Tonight in London, film magazine Sight & Sound (published by the British Film Institute) announces its once-in-a-decade poll of the greatest films of all time, “perhaps the most recognized poll of its kind in the world.” The poll was first conducted in 1952. Earlier this year they asked about 800 critics, programmers, academics and curators from around the world to make submissions, including yours truly. Below I’ve copied the list I sent in along with my motivations. And yes I included one film with a sports theme. I think probably one or two of my selections made it to the final rankings.
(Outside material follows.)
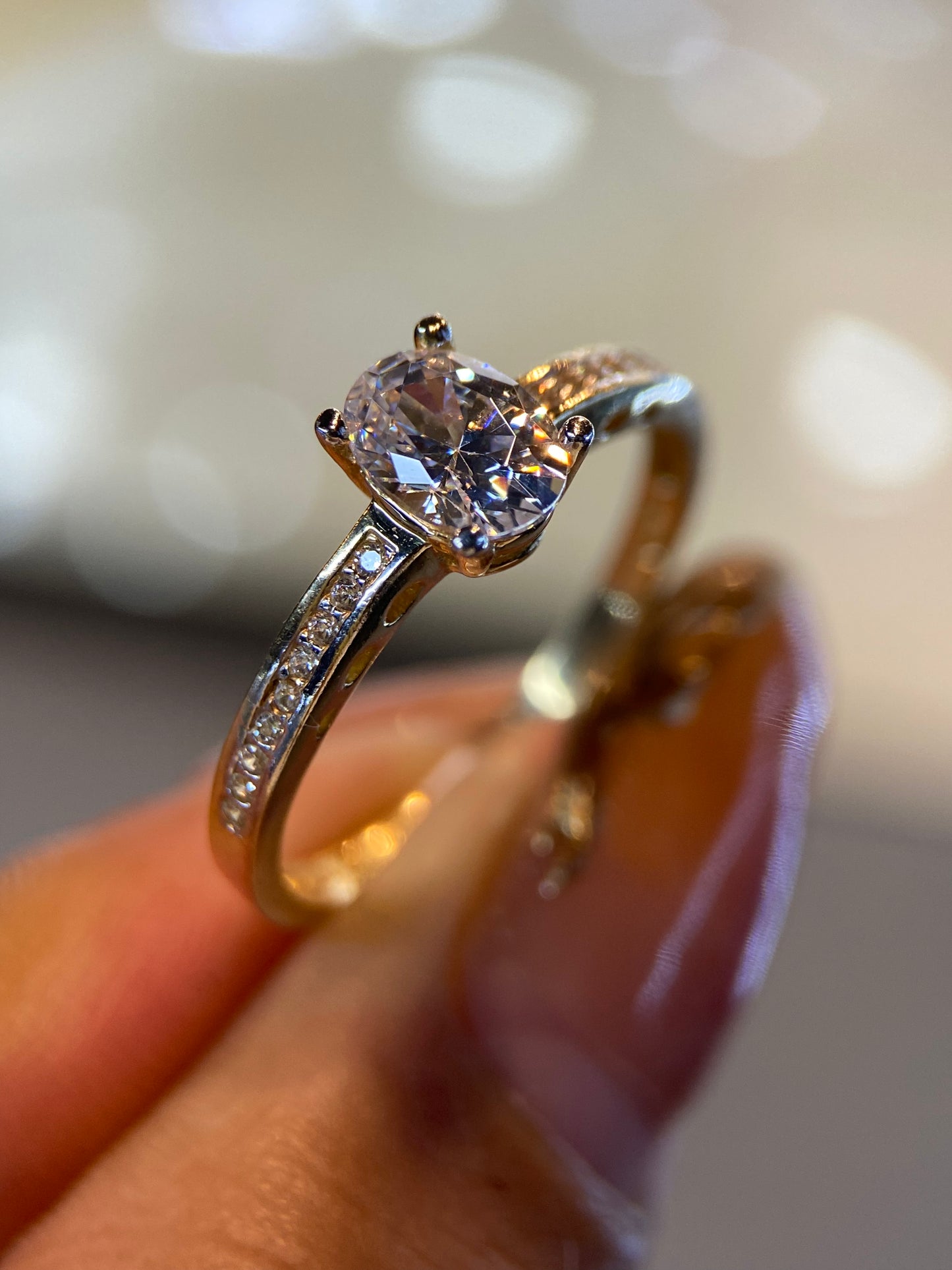 Anillo de compromiso en oro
I would love to hear your opinions.
My ten films (in no particular order) are:
4. Raging Bull
7. Borom Sarret
10. The Birds
I chose these ten films as they have had the biggest impact on my own view of cinema. Battle of Algiers stands alone as a piece of fictional documentary. I like both Emile de Antonio’s 1968 documentary “In The Year of the Pig” (1968) and Peter Davis’s “Hearts and Minds” as definitive pieces of work on Vietnam (I think Davis used some of de Antonio’s footage). Filmmakers as diverse as Michael Moore and Errol Morris swear by “The Emperor’s Naked Army Marches On,” about a Japanese World War II veteran. “Casablanca” (a film set in Africa with hardly any Africans in it), Hitchcock’s “The Birds,” “The Godfather (I)” and “Raging Bull” are all classic films. Finally, I picked two African films knowing full well those won’t probably make it far in the poll, but I feel strongly about their value as cinema. “Borom Sarret” (The Wagoner), an 18-minute film set in newly independent Senegal by Ousmane Sembene. The film is considered the first directed by a black African in 1966. And finally, I decided on including “Mapantsula,” a 1988 film about a gangster-activist made by the black-white South Africa duo of Thomas Mogotlane and Oliver Schmitz and which I consider the definitive film on Apartheid.